**WHAT TO WORK ON:** Print the line containing "Kinderen Emanuel Mammana" and all lines after it, unchanged, through the end of the data. Leave the pictures out.

**DATA UNDER STUDY:**
^^^^^^^^^^^^^^^^

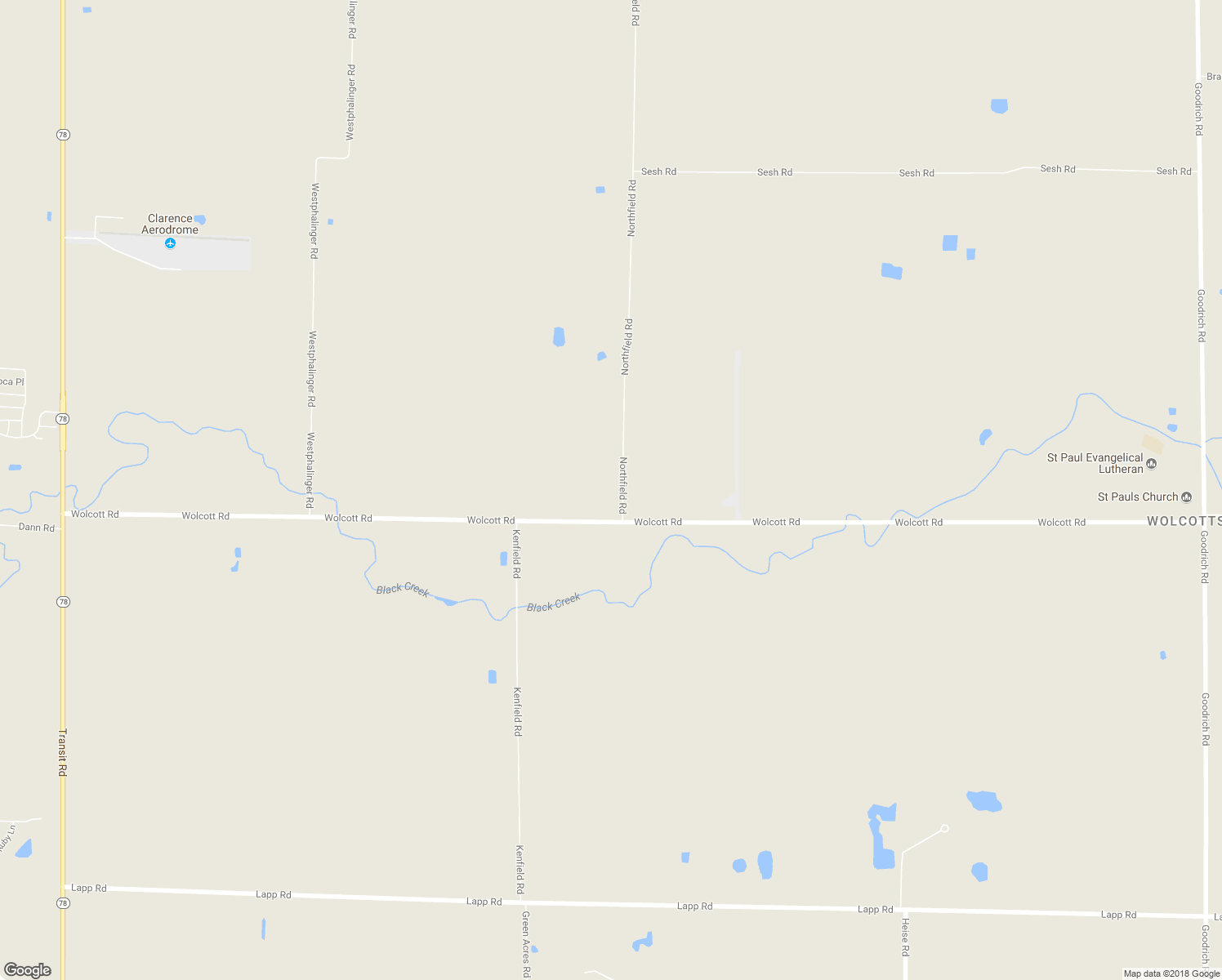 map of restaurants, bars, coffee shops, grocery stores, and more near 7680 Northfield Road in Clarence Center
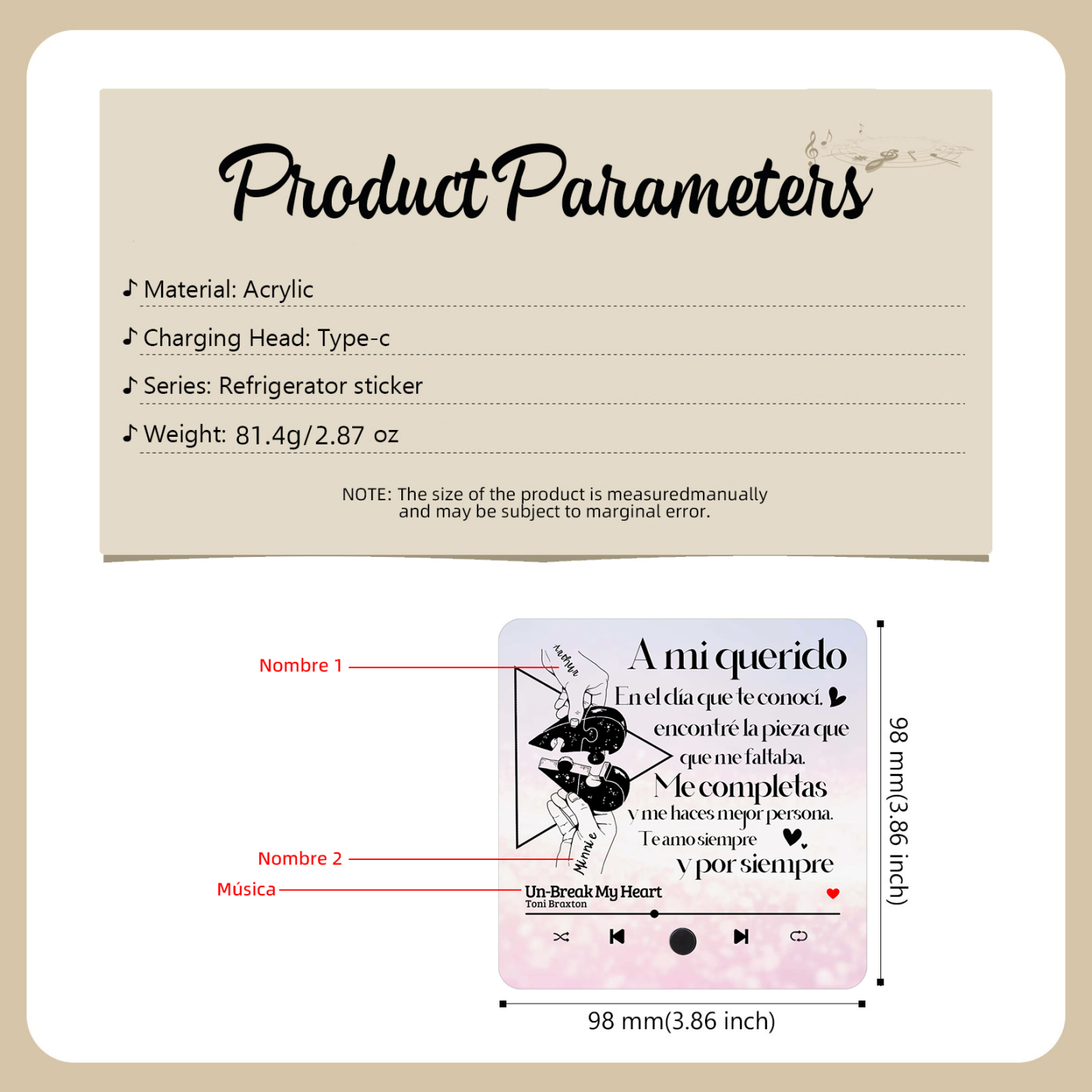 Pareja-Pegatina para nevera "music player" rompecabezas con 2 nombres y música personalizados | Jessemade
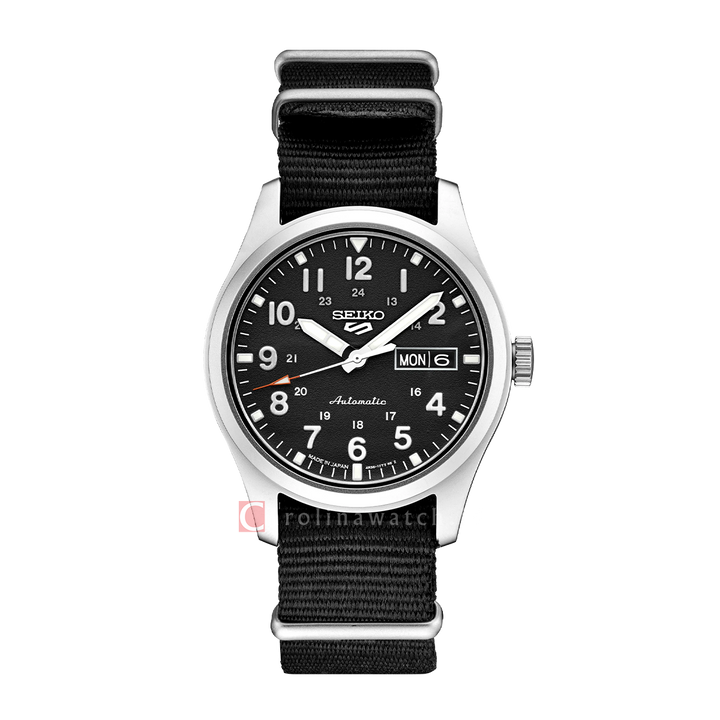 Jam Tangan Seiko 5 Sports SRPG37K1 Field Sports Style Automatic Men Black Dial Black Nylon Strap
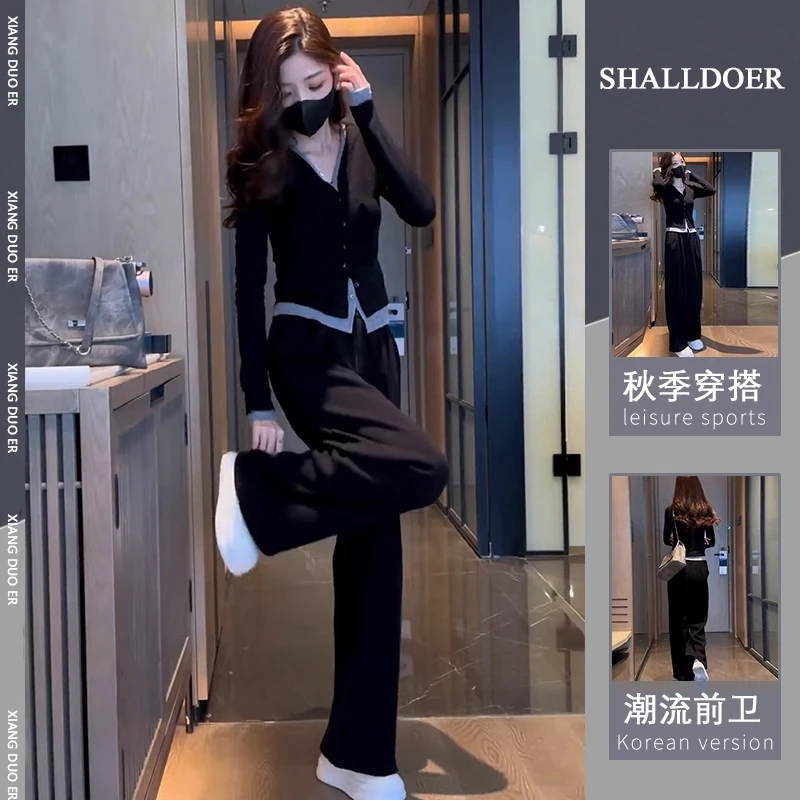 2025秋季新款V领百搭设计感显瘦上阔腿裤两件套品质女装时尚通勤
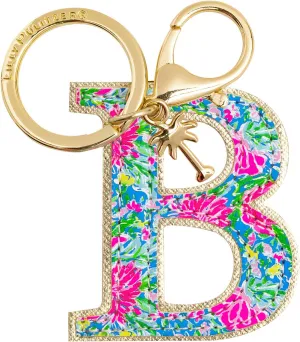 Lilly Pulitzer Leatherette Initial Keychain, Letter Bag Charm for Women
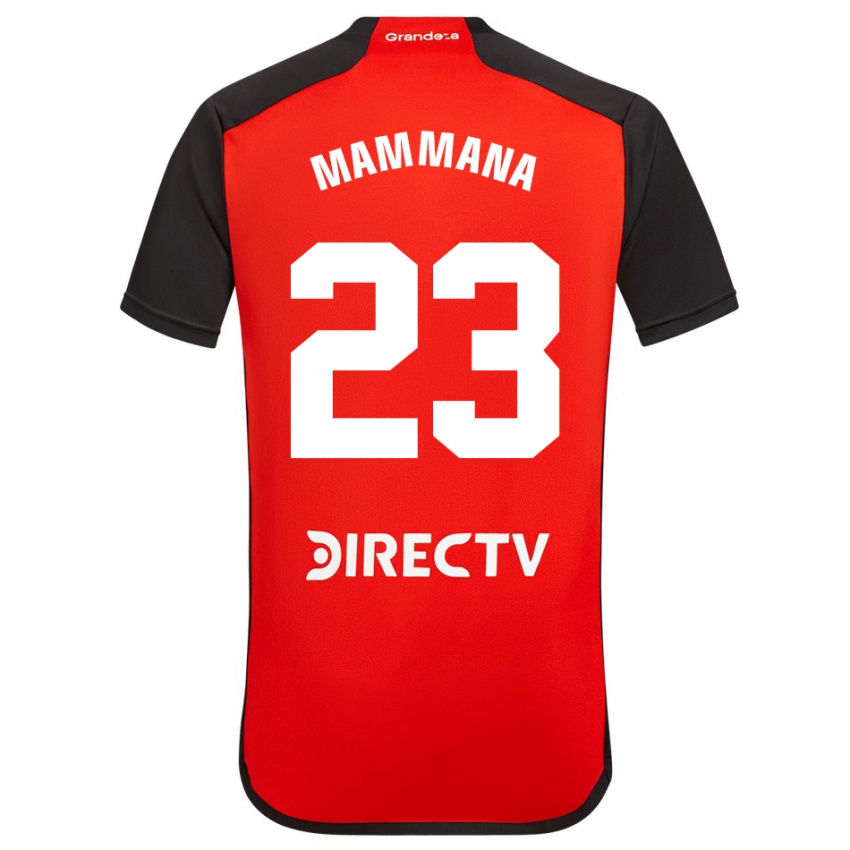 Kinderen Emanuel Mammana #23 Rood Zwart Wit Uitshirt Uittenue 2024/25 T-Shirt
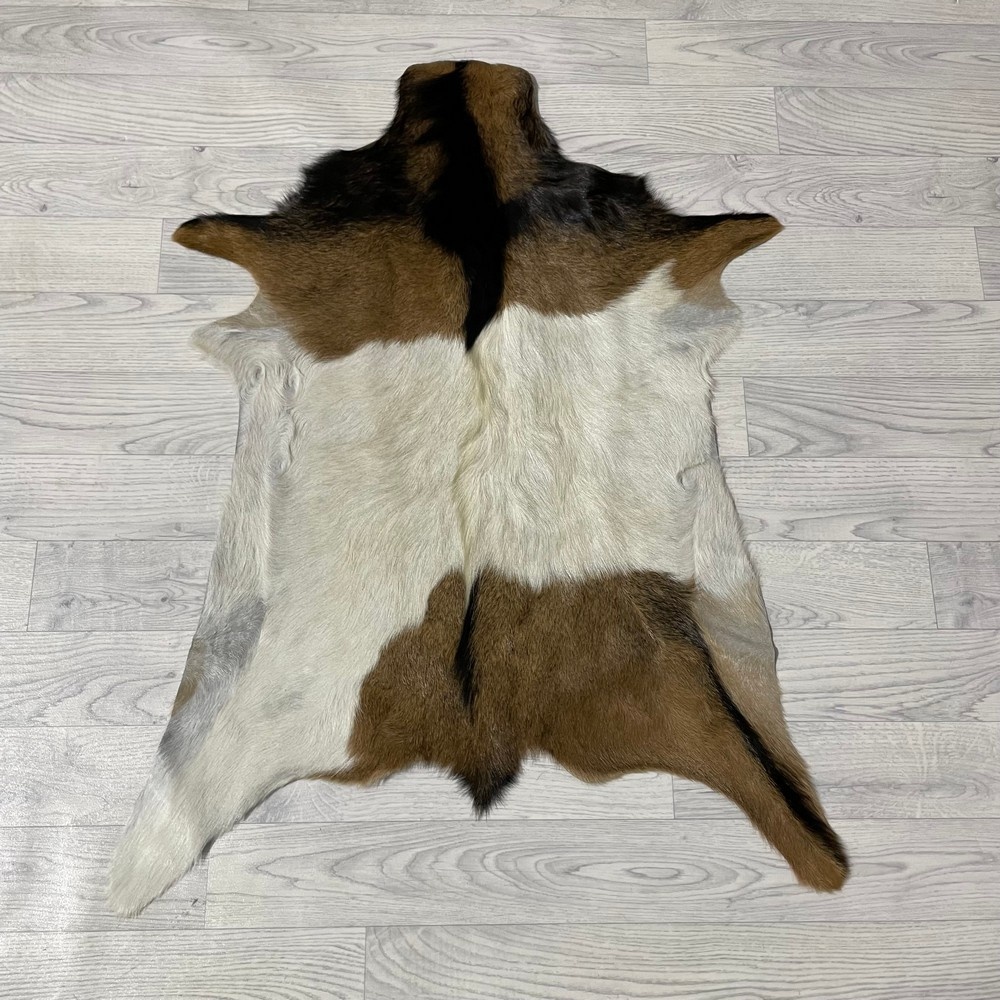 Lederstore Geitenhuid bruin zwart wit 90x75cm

^^^^^^^^^^^^^^^^

**PROBLEM SOLUTION:**
 Kinderen Emanuel Mammana #23 Rood Zwart Wit Uitshirt Uittenue 2024/25 T-Shirt
 Lederstore Geitenhuid bruin zwart wit 90x75cm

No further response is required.